[haiku-bugs] Re: [Haiku] #8275: Deadlocking apps when opening documents

  • From: "bonefish" <trac@xxxxxxxxxxxx>
  • Date: Mon, 25 Jun 2012 00:22:39 -0000

#8275: Deadlocking apps when opening documents
-------------------------------------+----------------------------
   Reporter:  humdinger              |      Owner:  bonefish
       Type:  bug                    |     Status:  new
   Priority:  normal                 |  Milestone:  R1/alpha4
  Component:  System/runtime_loader  |    Version:  R1/Development
 Resolution:                         |   Keywords:
 Blocked By:                         |   Blocking:  8081
Has a Patch:  0                      |   Platform:  All
-------------------------------------+----------------------------

Comment (by bonefish):

 Replying to [comment:9 leavengood]:
 > Replying to [comment:6 bonefish]:
 > There are even TODOs in the runtime_loader's elf.cpp (added by you about
 3 years ago) about improving the locking :)

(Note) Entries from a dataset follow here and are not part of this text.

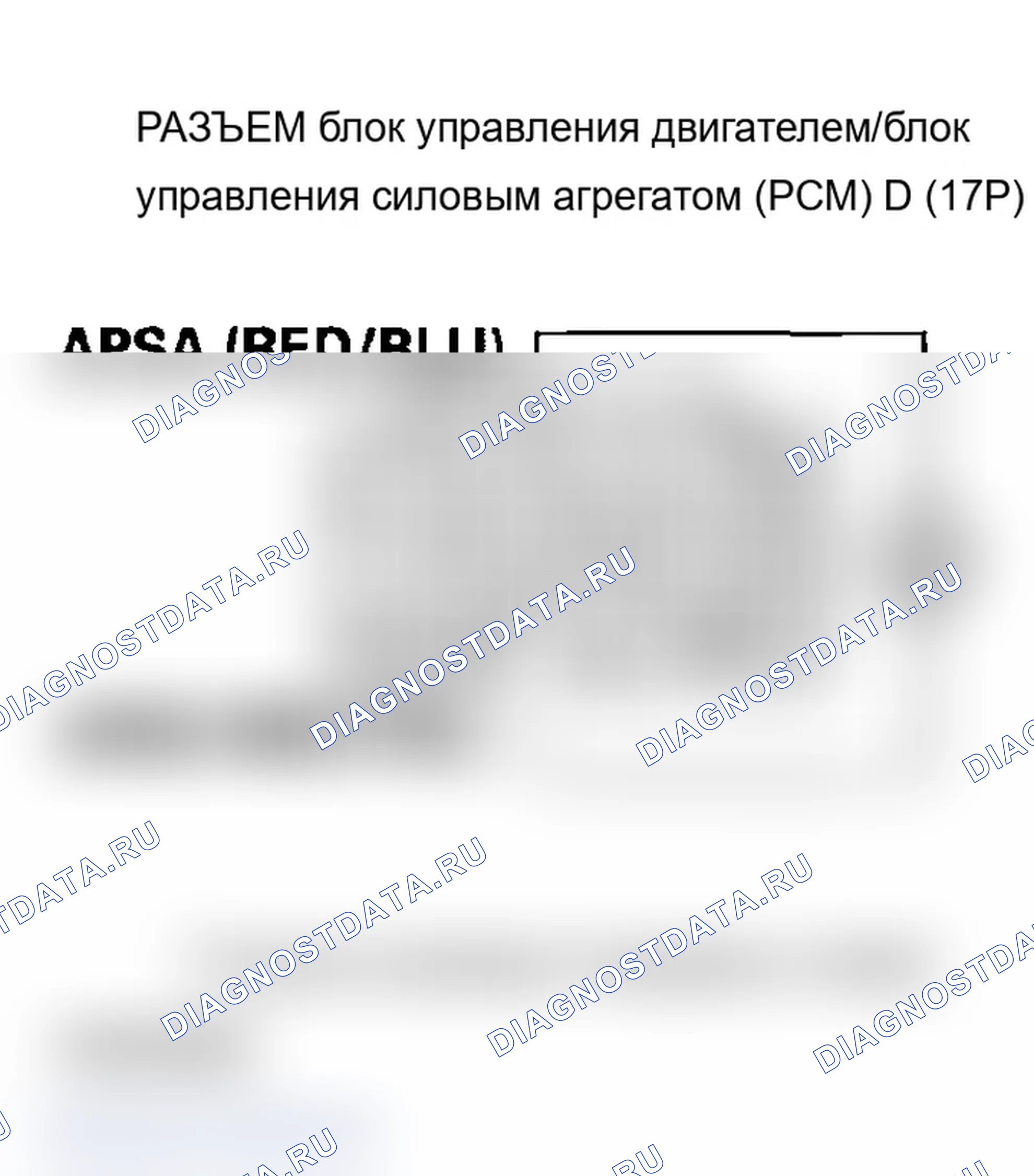 Рис. 413: P2138 расшифровка кода ошибки: Неправильная корреляция напряжения датчика APP A/B (датчик положения дроссельной заслонки D/E). Acura TL III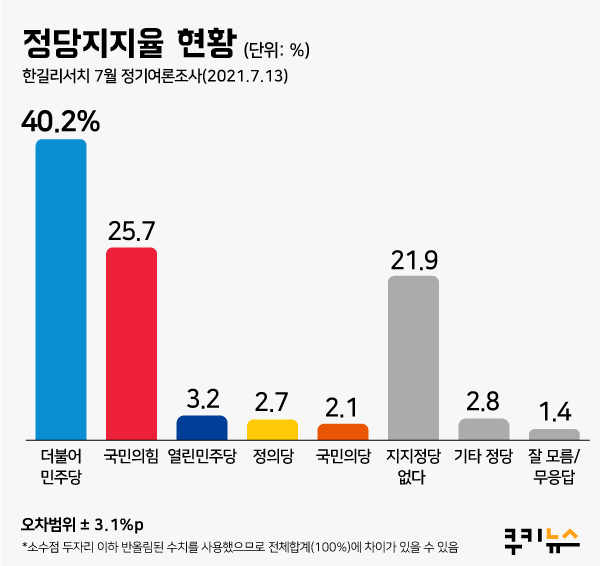 [쿠키뉴스 여론조사] 민주당, 한달만에 국민의힘 ‘재역전’… 文대통령도 ‘동반 상승’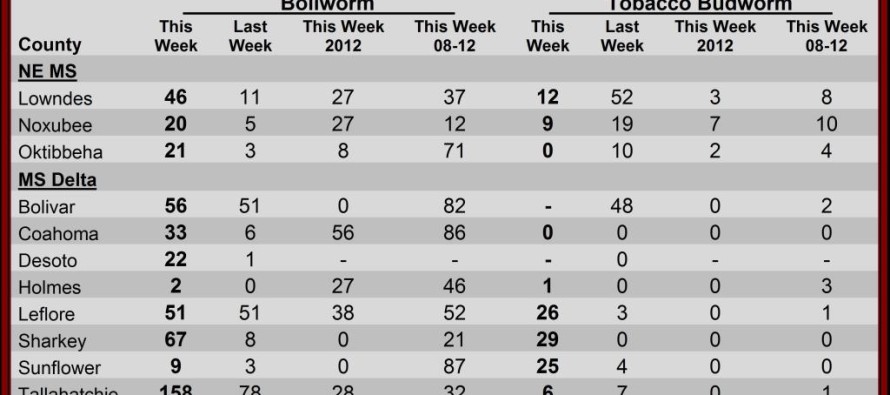 Pheromone Trap Counts, July 12, 2013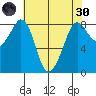 Sandy Point tide chart for Saturday, April 30, 2022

 Yes, there's a TODO mentioning that locking should be improved. I may have
 added it, but possibly I just converted/reinterpreted a preexisting
 comment. IIRC we inherited the locking strategy from NewOS and there had
 already been a comment mentioning that it is suboptimal. Though, I believe
 that was only considering the performance aspect of the problem (making
 the runtime loader essentially single-threaded), not that this is actually
 a functional bug.

 > Is there any chance you or anyone else sufficiently skilled could fix
 this in the next few weeks?

 I don't think I'll have time to work on that anytime soon. I can't speak
 for anyone else, but in open source it is usually safe to assume that if
 you don't do it yourself nobody will. :-)

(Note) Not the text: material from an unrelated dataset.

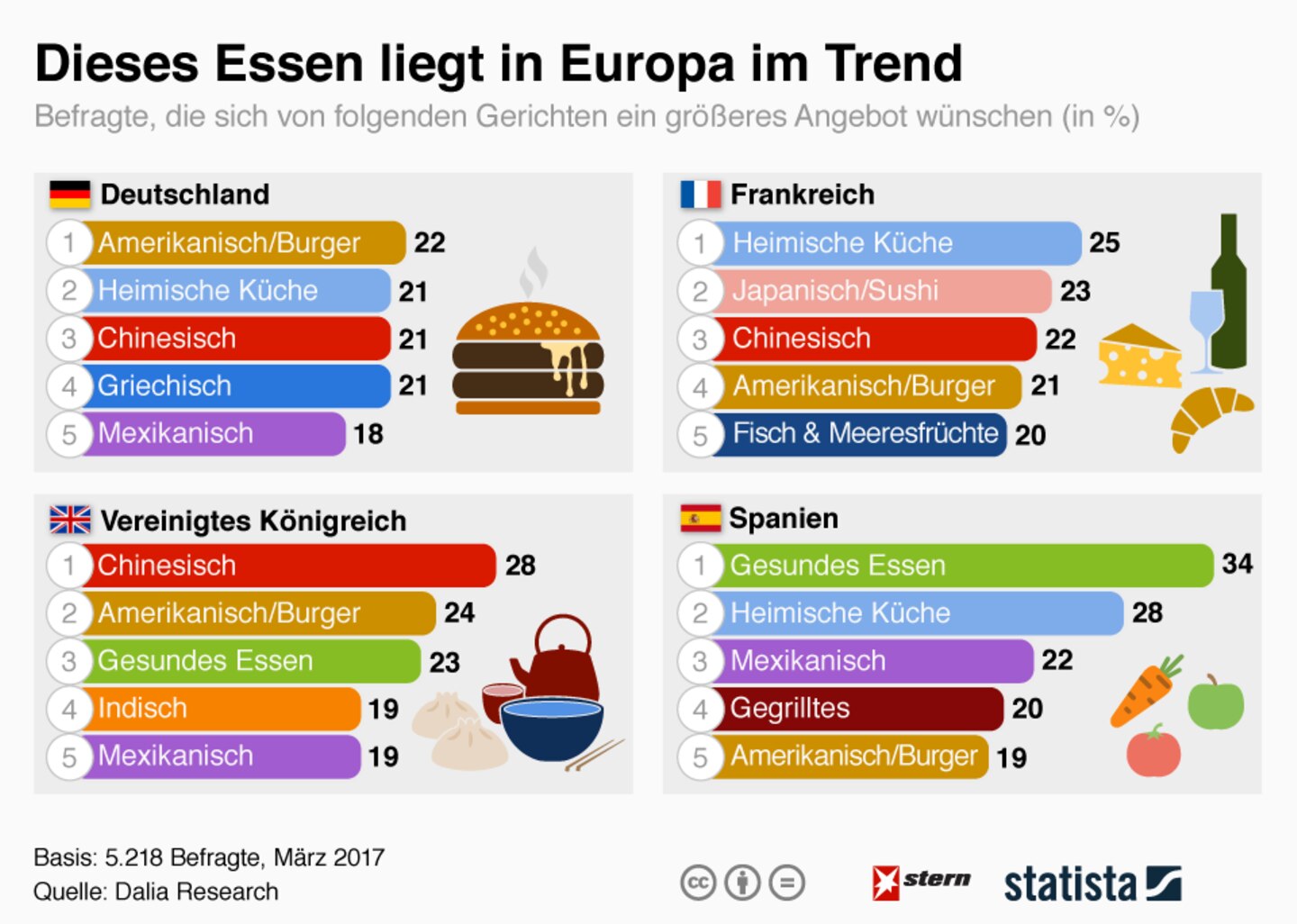 Wachsende Nachfrage: Dieses Essen wollen die Europäer auf ihren Tischen sehen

 > If not I could take a stab, but low-level stuff like this isn't my
 forte.

 While the runtime loader may be considered low-level, the abstract problem
 at hand isn't anything you couldn't just as well encounter in your multi-
 threaded application.

 > I'm taking a look at alpha4 marked issues, though I suppose this could
 be ignored for alpha4. It is annoying but it happens pretty infrequently
 in my testing.

 Yeah, well, that might also be depending on the test machine. What happens
 infrequently on your machine might happen relatively often on others and
 not at all on yet others.

 BTW, it should be pretty easy to implement a reliable test case, if that
 helps. In pseudo-code:
 {{{
     static BLocker sLock;

     static struct Foo {
         Foo()
         {
             start new thread in thread_function();
             sleep 1s;
             sLock.Lock();
             sLock.Unlock();
         }
     } sFoo;

     thread_function()
     {
         sLock.Lock();
         call any runtime loader service, e.g. `get_image_symbol()`;
         sLock.Unlock();
     }

     main() {}
 }}}
 The `Foo` constructor tries to lock `sLock` while holding the runtime
 loader lock. `thread_function()` tries to lock the runtime loader lock
 while holding `sLock`.

 In case you or someone else wants to tackle the issue, I'll try and give
 and overview of the situation:

  * There's a global list, `sLoadedImages` plus `sLoadedImageCount` in
 images.cpp, which contains objects (the loaded images, `image_t`). This
 list is constructed while loading the program, but it can change later on
 as add-ons or shared libraries are dynamically loaded and unloaded.
  * That's an image's lifetime:
    - The image is loaded, that is the ELF file header is processed, the
 segments are mapped into memory, an image object is created and added to
 the global list (`sLoadedImages`).
    - The image's dependencies are loaded. Like the first step, just for
 all shared libraries the first image depends on, recursively. There's a
 ref-counting in the image objects. A dependency is only loaded once. Its
 reference count is incremented for each other image that depends on it.
    - The image and the images it depends on are relocated (only the
 dependencies that haven't been relocated yet). This happens in topological
 order, though I think the order doesn't actually matter in this case.
    - The read-only segments of the images are remapped read-only (needed
 to be writable for relocation).
    - The image and its dependencies are initialized (only the not yet
 initialized ones). Initialization means, that the initialization function
 of the image is called, the one that calls static constructors and the
 like, i.e. this calls code in the image, outside the runtime loader. The
 initialization happens bottom up, dependencies before images depending on
 them.
    - The image object remains unchanged until the image is unloaded.
 Unloading an image only decrements its reference count. Unless it drops to
 0, nothing else happens. Otherwise ...
    - The image is moved from `sLoadedImages` to `sDisposableImages`.
    - For the images it depends on the previous two steps and this one are
 executed.
    - For each image that ends up in `sDisposableImages` (i.e. has a ref
 count of 0) its deinitialization function is called (calling static
 destructors etc.), the image is unmapped, and the image object is
 destroyed.
  - After loading the program image and its dependencies the runtime loader
 is essentially a library, providing the following kinds of services to the
 program:
    - Dynamically loading/unloading an add-on/library.
    - Looking up a symbol by name in a given library or globally.
    - Reverse looking up a symbol by address.
    - Iterating through loaded images.
    - Iterating through the symbols of an image (actually looking one up by
 index).
    - Iterating through the direct dependencies of an image.
  - There's a single global runtime loader lock, which is held when the
 program is initially loaded and when any of the provided services is
 performed. In particular it is always held when calling an image
 initialization or deinitialization function.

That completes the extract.